Fig 3. Incorporation of EdU into colonoids after a 2 h pulse in the absence of a gradient.

(A,C) Brightfield (left) and overlaid red/blue fluorescence (right) images of colonoids cultured within a multiwell plate (A) or microchannel (C) for 5 days then labeled with EdU (red) and the Hoechst 33342 (blue) (n = 18 colonoids in 5 microchannels and n = 16 colonoids in 3 multiwells). Scale bars represent 50 μm. (B, D) Compass plots displaying the EDU polarization magnitude and angle for individual colonoids (blue) cultured in the multiwell plate (B) or microchannel (C) for 5 days and pulsed with EdU. The average magnitude and angle of the vector can be seen in red (poorly visualized due to the near-zero magnitude).

Fig 4. Colonoid growth in the presence of a Wnt-3a gradient across the microchannel.

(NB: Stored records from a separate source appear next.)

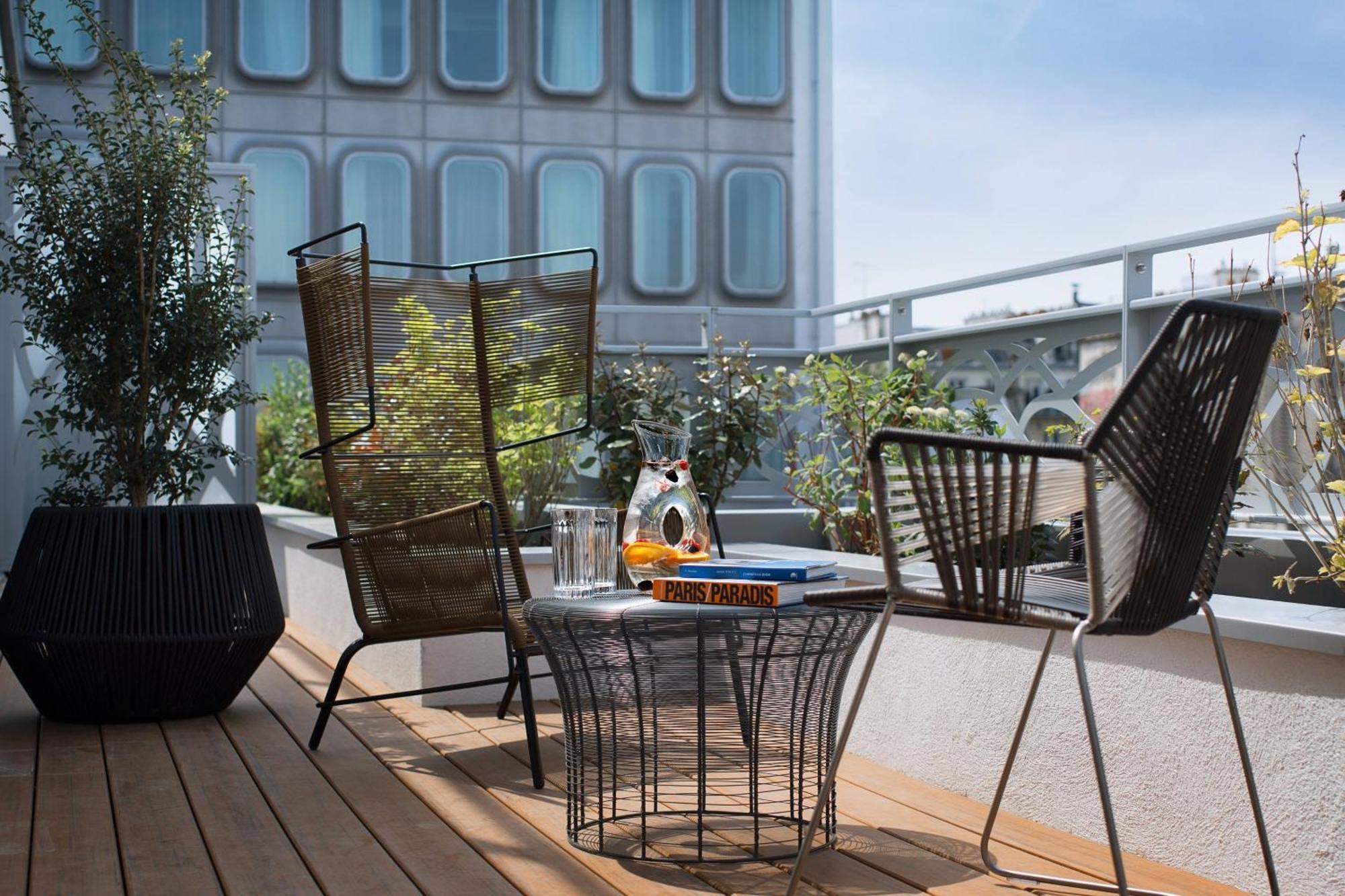 Renaissance Paris Republique Hotel & Spa Luaran gambar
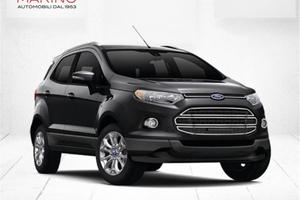 FORD EcoSport 1.0 EcoBoost 125 CV Start&Stop Act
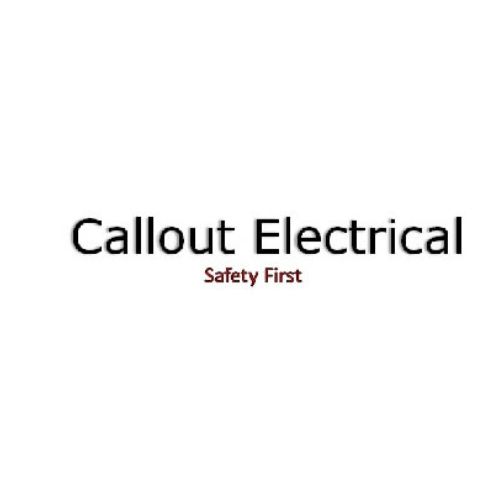 Logo of Calloutelectrical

(A) Brightfield (left) and overlaid red/green fluorescence (right) images of colonoids cultured under a Wnt-3a gradient for 1, 3, and 5 d. The scale bar is 250 μm. (B) Compass plot displaying the Sox9EGFP polarization magnitude and angle for individual colonoids cultured under the Wnt-3a gradient for 5 days (n = 28 colonoids on 5 devices). The average magnitude and angle of the vector can be seen in red. (C) Brightfield (left) and overlaid red/blue fluorescence (right) images of colonoids cultured under a Wnt-3a gradient for 5 days then pulse-labeled with EdU (red) for 2 h. Hoechst 33342 fluorescence is shown in blue. The scale bar represents 50 μm. (D) Compass plot displaying the EDU polarization magnitude and angle for individual colonoids (blue) cultured as described in (C) (15 colonoids in 5 microchannels). The average magnitude and angle of the vector can be seen in red.

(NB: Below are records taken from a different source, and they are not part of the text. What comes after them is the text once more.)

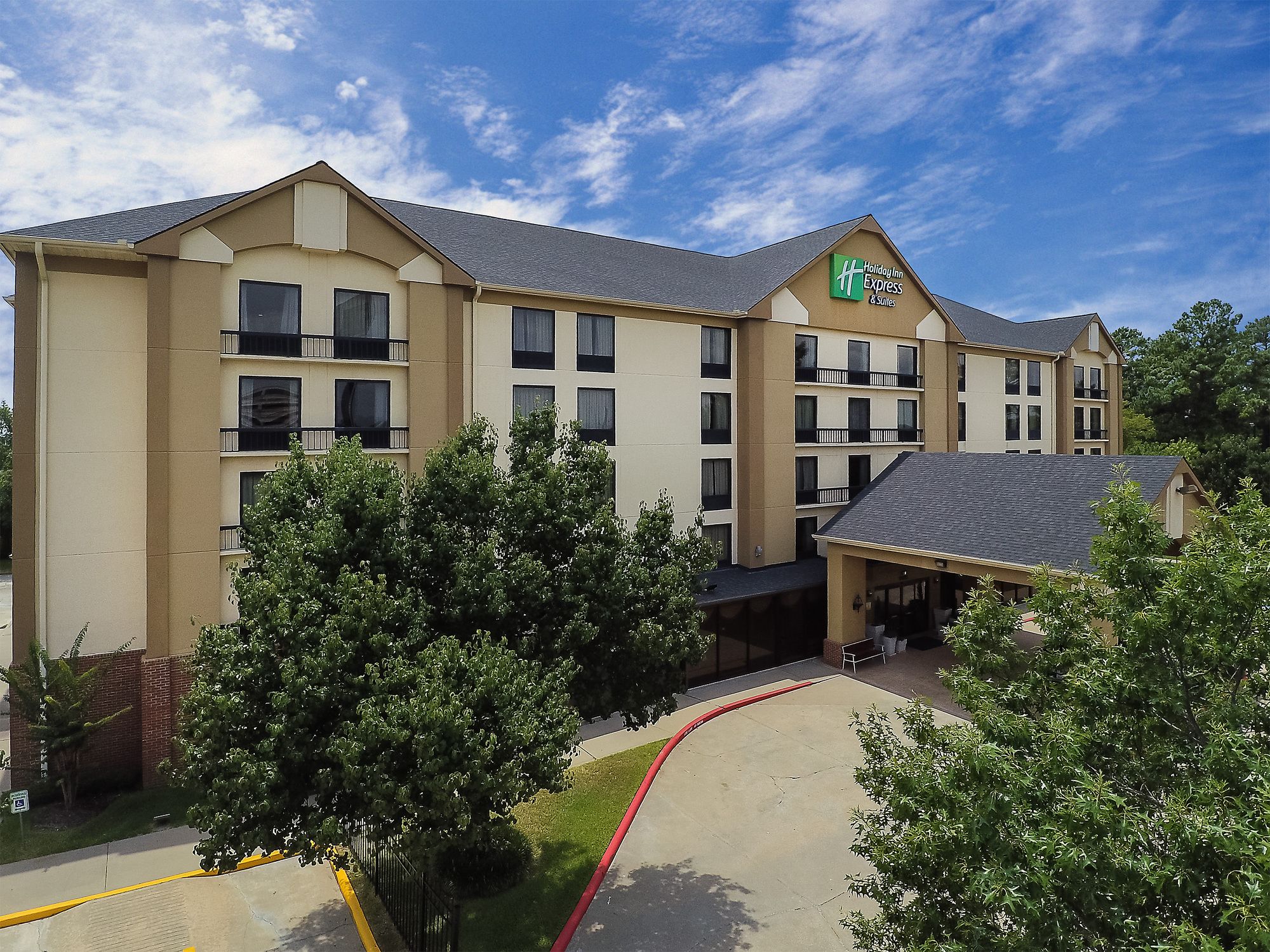 Comfort Inn & Suites Houston I-10 West Energy Corridor
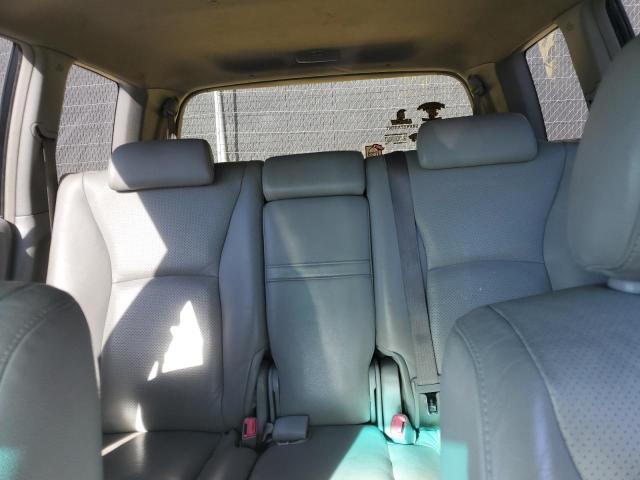 Photo 10 from auction – 2007 TOYOTA HIGHLANDER with VIN JTEDP21A770130038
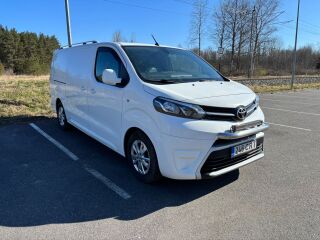 Toyota ProAce 2.0 90kW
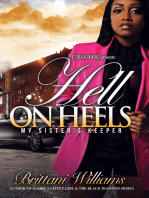 Hell on Heels:: My Sister's Keeper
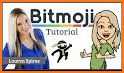 Guide for Bitmoji related image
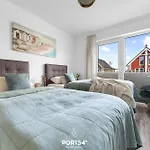 Ferienwohnung Nordseeresort 41A Wattloeper Buesum Appartement Büsum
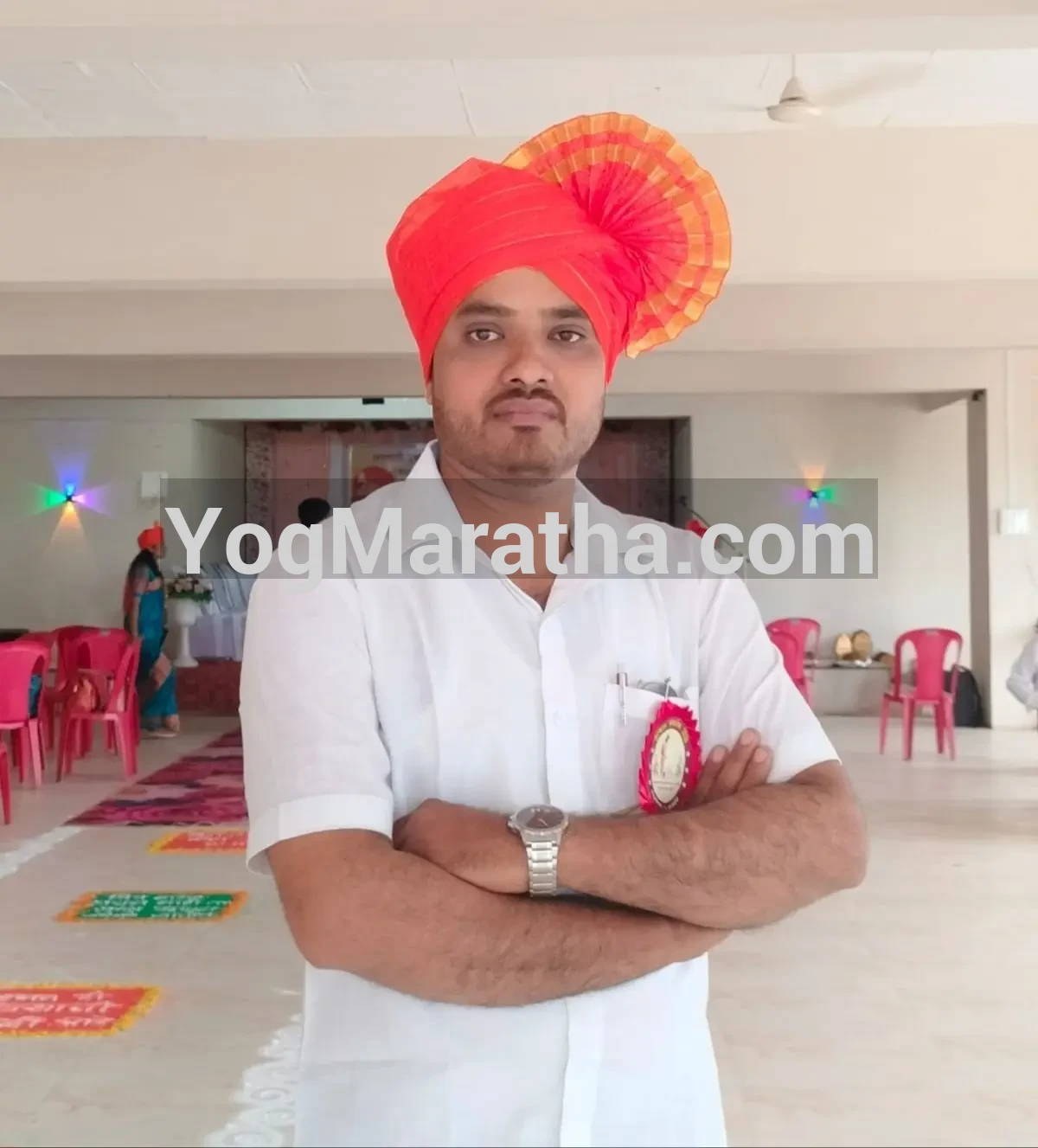 Maratha Marriage Profile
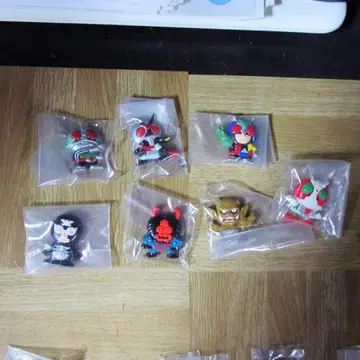 가면라이더 쿸쿤 피규어 전 7종 중복품 5개 덤 증정 무료 배송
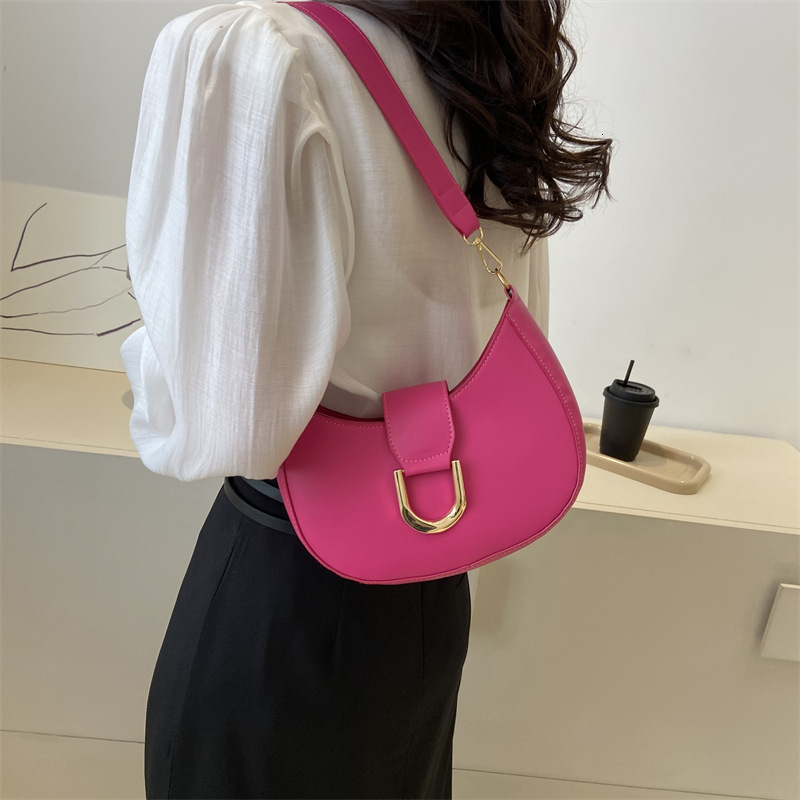 High quality brand new high-quality free designer bag color blocked new cute printed shoulder multifunctional fashionable handbag new free designer ba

Fig 5. Colonoid growth in the presence of a dual Wnt-3a/R-spondin1 gradient.

(A) Brightfield (left) and overlaid red/green fluorescence (right) images of colonoids cultured under a Wnt-3a/R-spondin1 gradient for 1, 3, and 5 days in the microchannel. The scale bar is 250 μm. (B) Compass plot displaying the Sox9EGFP polarization magnitude and angle for individual colonoids (blue) cultured under the Wnt-3a/R-spondin1 gradient for 5 days (n = 33 colonoids from 6 microchannels). The average magnitude and angle of the vector can be seen in red. (C) Brightfield (left) and overlaid red/blue fluorescence (right) images of colonoids cultured the gradient for 5 days then pulse-labeled with EdU (red) for 2 h. Hoechst 33342 fluorescence is shown in blue. The scale bar represents 50 μm. (D) Compass plot displaying the EDU polarization magnitude and angle for individual colonoids (blue) cultured as described in (C) (n = 11 colonoids in 4 microchannels). The average magnitude and angle of the vector can be seen in red.

Fig 6. Growth of single stem cells in the presence of a Wnt-3a/R-spondin1 gradient.

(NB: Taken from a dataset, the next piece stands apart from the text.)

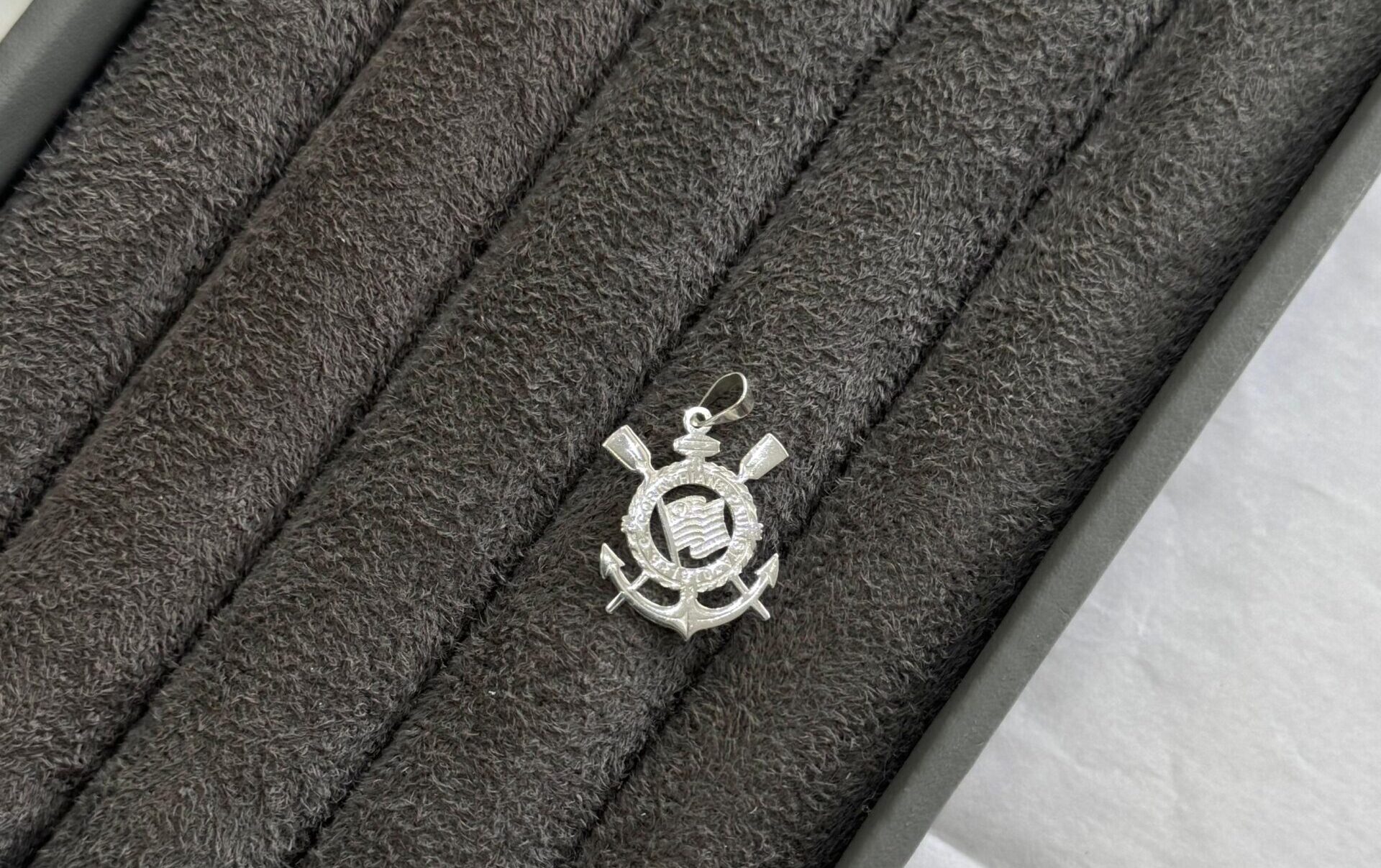 Pingente do corinthians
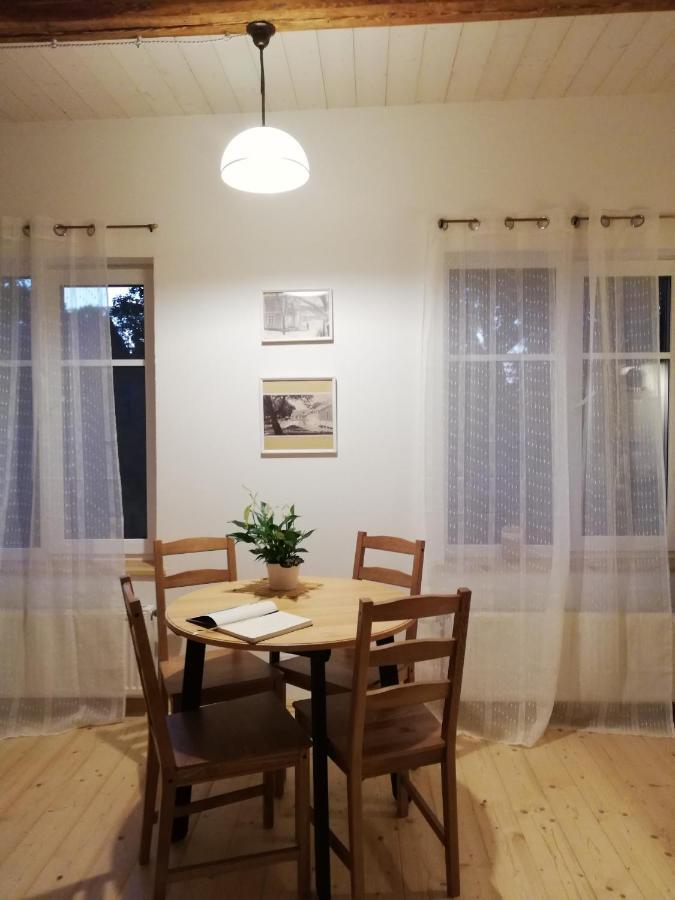 Palena Apartamenti Tervete Ngoại thất bức ảnh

(A) Brightfield (left) and overlaid red/green fluorescence (right) images of single stem cells cultured under a Wnt-3a/R-spondin1 gradient for 1, 3, and 5 days in the microchannel. The scale bar is 250 μm. (B) Compass plot displaying the Sox9EGFP polarization magnitude and angle for the single colonoids (blue) under the Wnt-3a/R-spondin1 gradient for 5 days (n = 23 colonoids in 5 microchannels). The average magnitude and angle of the vector can be seen in red.